Quote Originally Posted by jk View Post
china's recent $400B deal with iran gives it primacy in development of iranian energy, gives it a guaranteed discount from world prices, and - importantly- give it the privilege of paying in local currencies, i.e. rmb, instead of dollars. similarly, its arrangement with russia allows settlement in rmb or rub. thus, how much world prices affect the prices paid by china to these two suppliers is a direct function of the rmb exchange rate, which can be manipulated by the pboc.

another interesting note is that recently there was an agreement signed between saudi and china that was to have made ksa china's largest supplier once again. the terms are not, to my knowledge, public. one has to wonder whether china would have made such a deal, given its arrangements with russia and iran, if ksa insisted on usd payment. further, it points to at least one motive for iran and/or russia to demonstrate the unreliability of saudi sourcing.

[sorry, just realized that this is mostly repeat of #12 above, but responds to your comment re assessing china's concern about "rising energy prices." if they can print rmb, and pay in rmb, perhaps the global reference is not so important.]
If China has a substantial long term deal with Iran then that sounds like a really logical(and integral) part of China’s One Belt, One Road initiative over the next 25-50 years.

Iran’s large population would be a substantial potential export market for Chinese goods/services and Iran’s energy shipped overland to fuel China would be safer than vulnerable SLOCs.

It’s hard to tell how this will play out.

I suspect Iran’s increasing aggression is linked to the increasing pain of sanctions

“Iran's oil exports are close to zero, its revenue stream is drying up, and its reserves of hard currency are thought to be sufficient only for several more months. The fall in the value of its currency has pushed the inflation rate to 40% and almost halved the purchasing power of Iranians, who are finding it difficult to make ends meet.”
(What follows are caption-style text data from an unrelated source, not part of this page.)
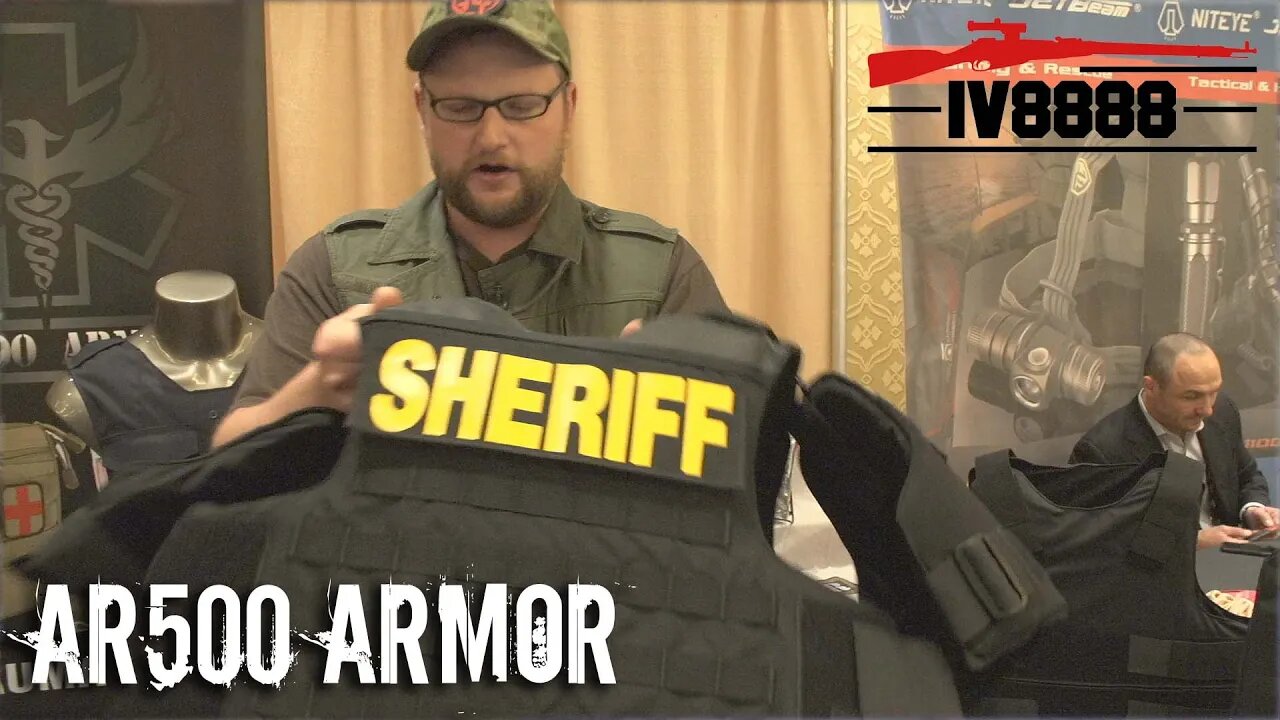 SHOT Show 2016: AR500 Armor New Products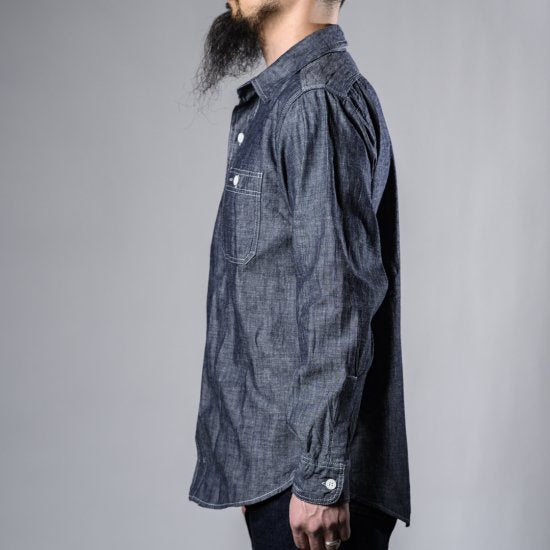 BONCOURA chemise de travail chambray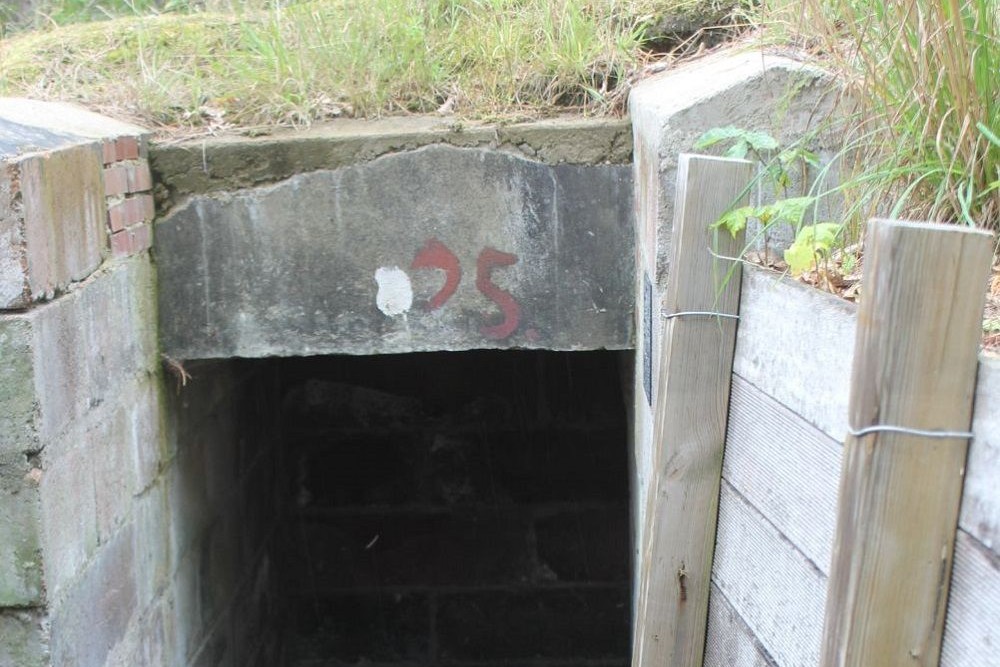 German Radarposition Tiger - Storage Bunker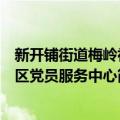 新开铺街道梅岭社区党员服务中心（关于新开铺街道梅岭社区党员服务中心简介）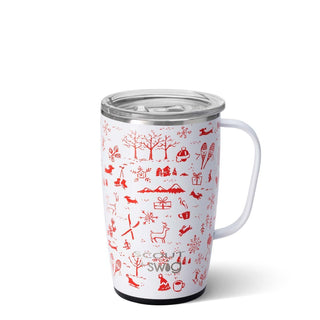 Bell on Dogtails 18oz Swig Mug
But the Chavez/Madura Venezuela regime has endured despite horrific deprivation for citizens, likely in part due to Russia/Chinese support.

The same could be said with Zimbabwe and it’s Chinese nexus

Even if currently enduring substantial pain, Iran likely has much more capacity to endure sanction hardship if Zimbabwe/Venezuela as analog Chinese supported pariah nations are anything to go by.

It’s a funny world.

Iran and the US governments hate each other.

Iran and Saudi governments truly hate each other.

Iran and China aren’t exactly allies, but share “adversaries of adversaries as allies of convenience”.

Perhaps the Russia/Turkey alignment, thought impossible just a few years ago due to very long simmering feuds and now on track to be geopolitical BFFs are an indication of tectonic change, but I seriously doubt it.

But I can’t see a Nixon goes to China moment exploiting the Sunni/Shia divide like Nixon did between Soviet/Chinese communism.

Perhaps Putin in Turkey was it, or the start of it?